Causative agents for PTM include a wide range of both gram-positive and gram-negative organisms.
The diagnosis of PTM is usually made by CSF cultures with positive results seen in 73-100% of patients. 1, 5, 6, 7, 8, 9 Cultures of CSF may fail to yield an isolate, however and negative cultures have been reported in up to 27% of cases. 8 Eleven (41%) patients in our series had negative CSF cultures. This may be due in part to the fact that eight patients were receiving prophylactic antibiotics. Interestingly, blood cultures may be positive in up to 86% of patients and are particularly useful for documenting the presence of pneumococcus. 7, 9
Antibiotics should be chosen in accordance with the clinical situation and ability to penetrate the blood-brain barrier. Jones found that PTM onset within 3 days in patients with non-penetrating, non-depressed injuries was uniformly pneumococcal and recommend empiric therapy against this organism. 8 While the infecting organism is likely to be from the nasopharynx or external auditory canal, nosocomial bacteria cannot be excluded until culture results are known. In patients with penetrating injuries, prolonged hospitalizations, delayed PTM onset, or antibiotic prophylaxis, definitive therapy should include broad spectrum drugs since the risk of infection with gram-negative or resistant microorganisms is higher. 5, 8, 11
As with other aspects of this disease process, outcome is widely variable.

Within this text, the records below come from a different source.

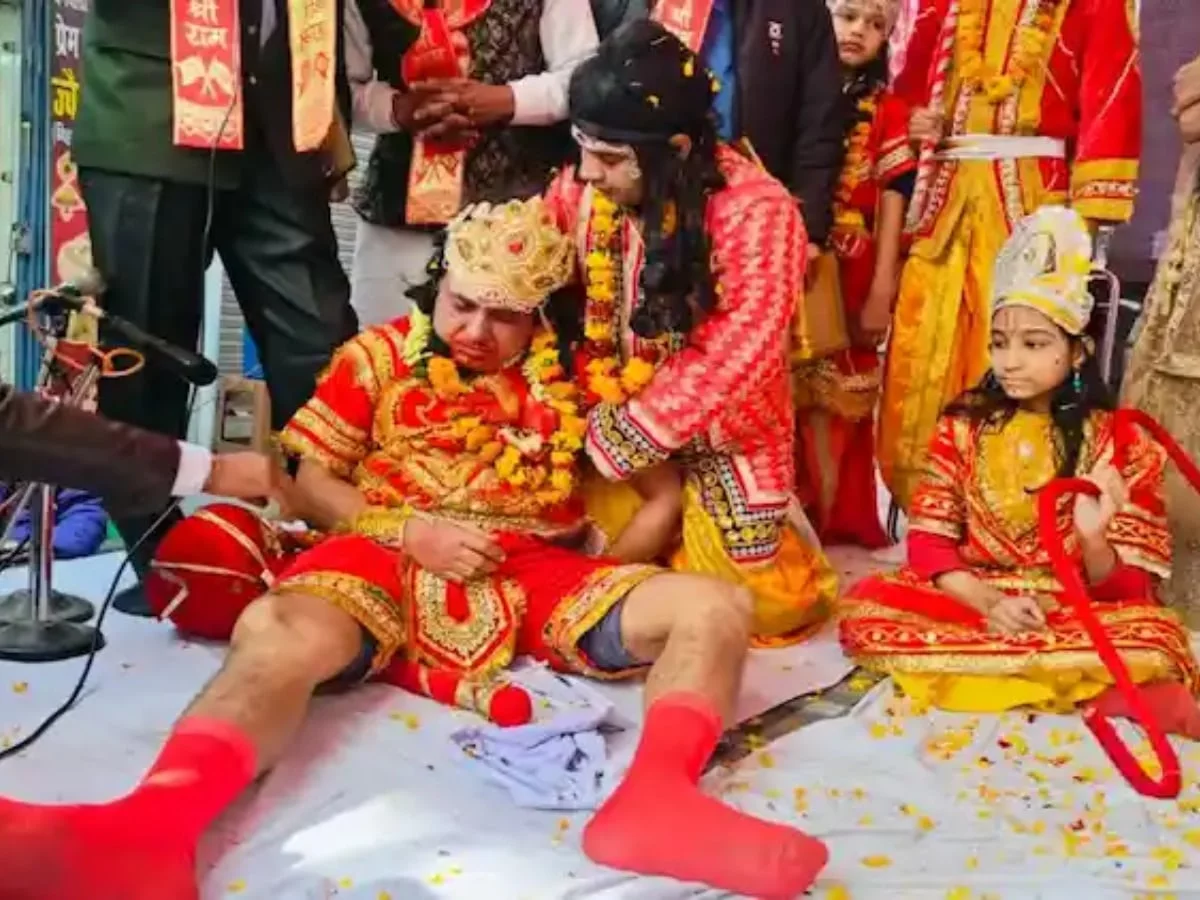 VIDEO: रामलीला में हनुमान बने शख्स की मौत, ‘भगवान राम’ के चरणों में तोड़ा दम
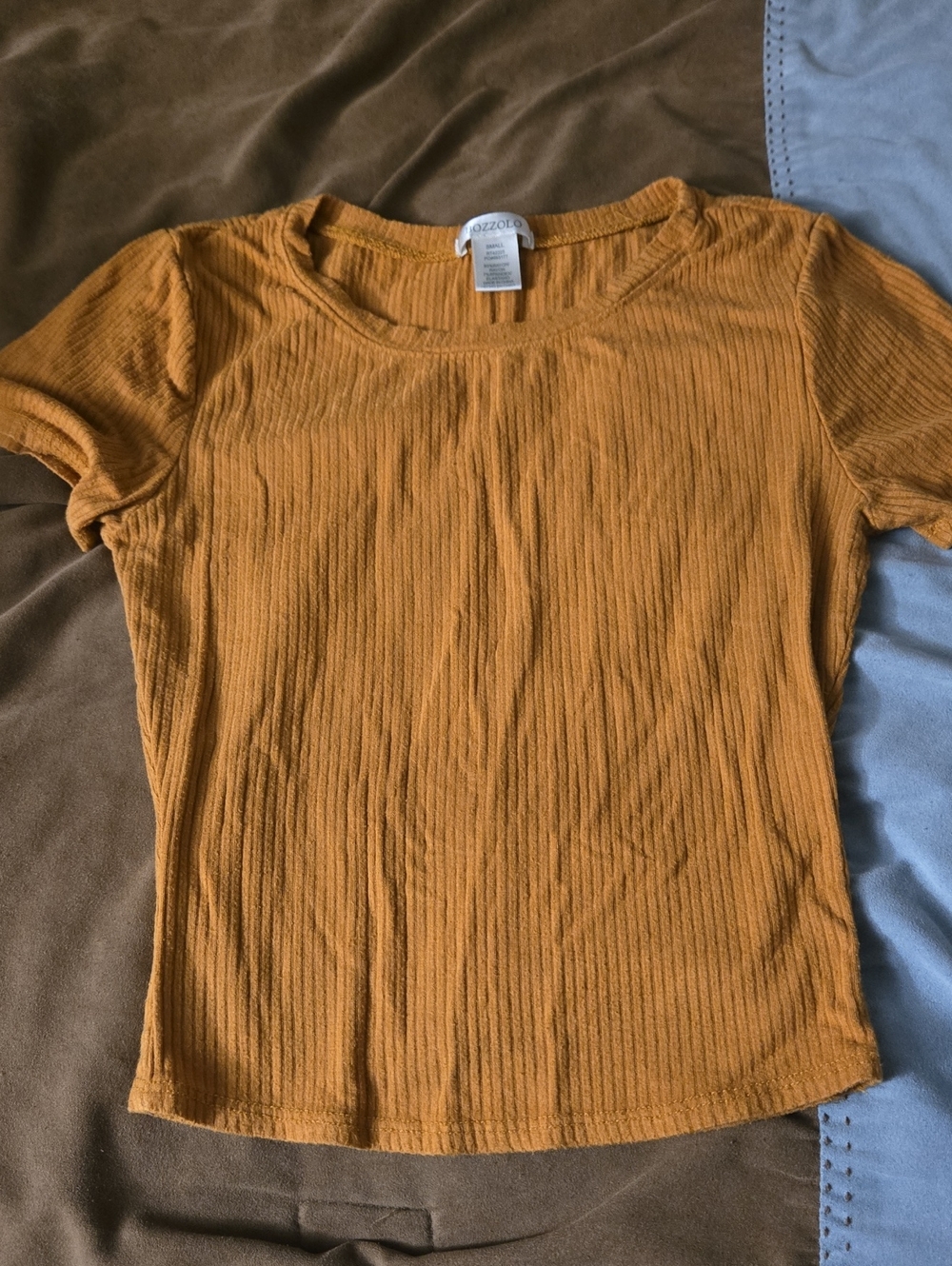Bozzolo Ribbed Short Sleeve Tee in Mustard Gold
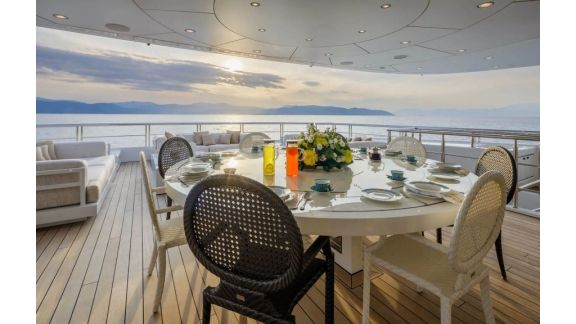 Lady Vera Yacht (81)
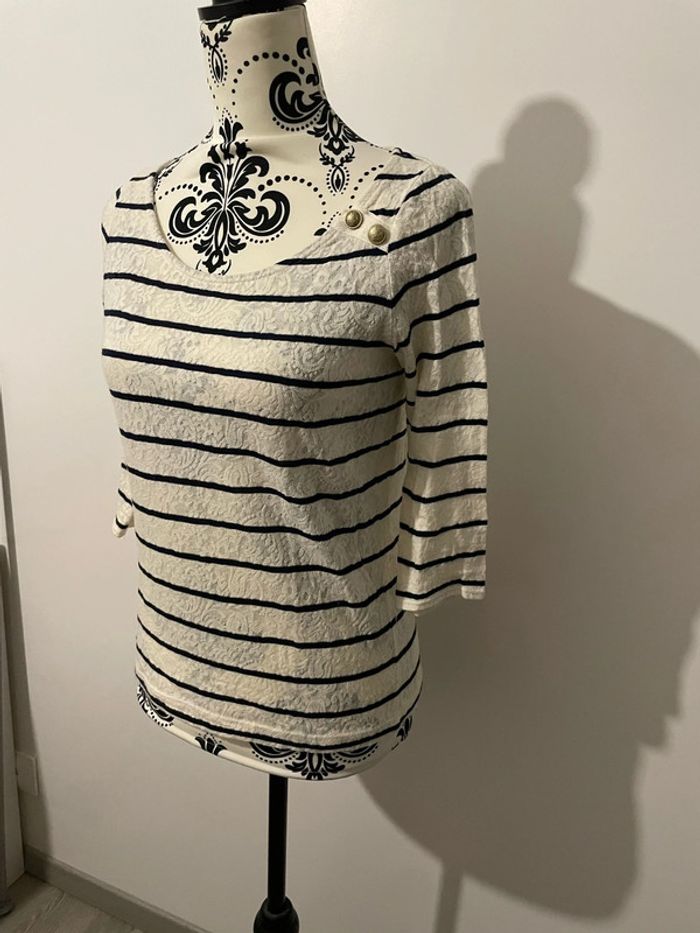 T-shirt manches 3/4 écru crème à rayures bleu marine boutons col a dentelle doublé kookai taille 36 - photo numéro 3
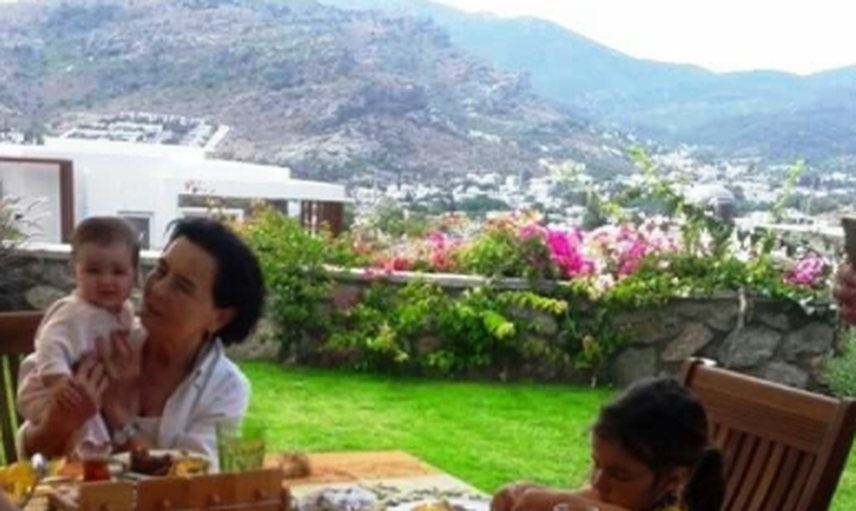 Hastalık Yüzünden Zor Günler Yaşayan Fatma Girik Dostlarına Veda Etti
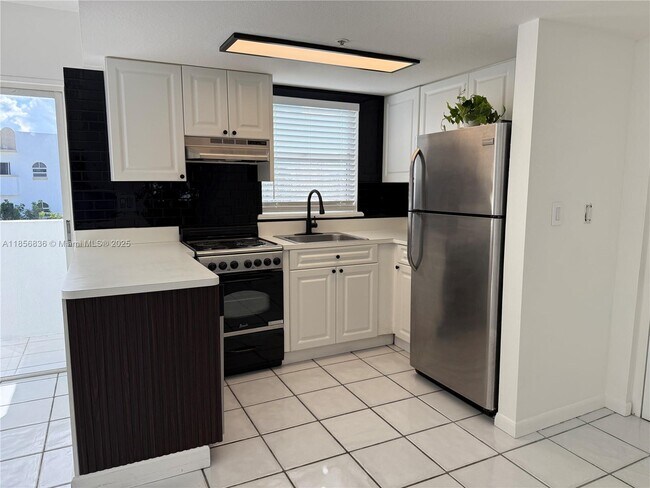 Foto del edificio - 3052 SW 27th Ave
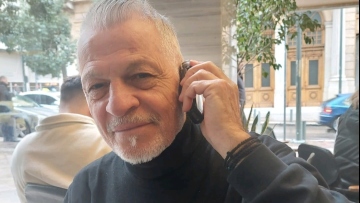 ΠΑΣΟΚ: Υποψήφιος πρόεδρος και ο δημοσιογράφος Γιάννης Κανελλάκης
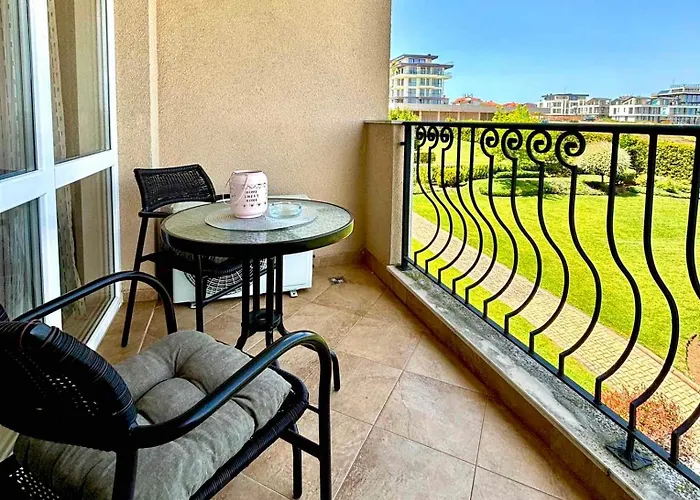 In Complex Atia 아파트 체르노모레츠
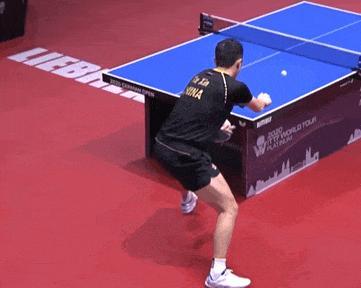 乒乓球比赛运动员为什么要摸球台 擦汗与心理调适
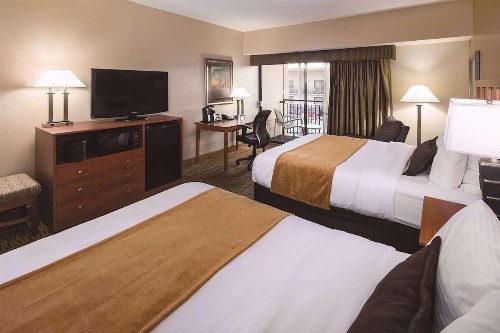 Best Western Plus Bloomington Hotel - image 14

Mortality ranges from 0-65%. 1, 2, 5, 6, 7, 8, 9, 10, 11, 15, 16, 18 Our mortality rate of 15% is comparable with other series of critically ill adult patients. 6, 8, 11, 15 Common complications include pneumonia, deafness, anosmia, mental retardation, or other major neurologic deficits. 6, 9 In a study of 116 patients who talked after sustaining head injury and later died, 86 were judged to have avoidable factors which contributed to death. 31 Of these 86, PTM caused 7 deaths and four of these cases were completely unsuspected, underscoring the diagnostic difficulty. A patient who dies with PTM should have a post-mortem examination as the case may have significant forensic implications. 12, 30 In series which specifically address functional outcome, 47-75% of survivors, were independent at discharge. 1, 3 In our series, 37% reached functional independence by hospital discharge.
Our study has certain limitations. Retrospective analysis did not allow us to evaluate specific risk factors for PTM, but rather simply to note associations with other injuries and findings. Patients were followed to a maximum of 6 months, so we may have underdiagnosed delayed cases. The study was not designed to assess the impact of antibiotics used for prophylaxis. Our sample size did not allow for detailed statistical analysis. The number of patients (second largest series in the English literature) and functional outcome assessment are strengths of this study.
In conclusion, although uncommon, PTM may be associated with devastating results. While basilar skull fracture and pneumocephalus are common, PTM may occur in the absence of clinical CSF fistula. Fever and decreased mental status are usually seen.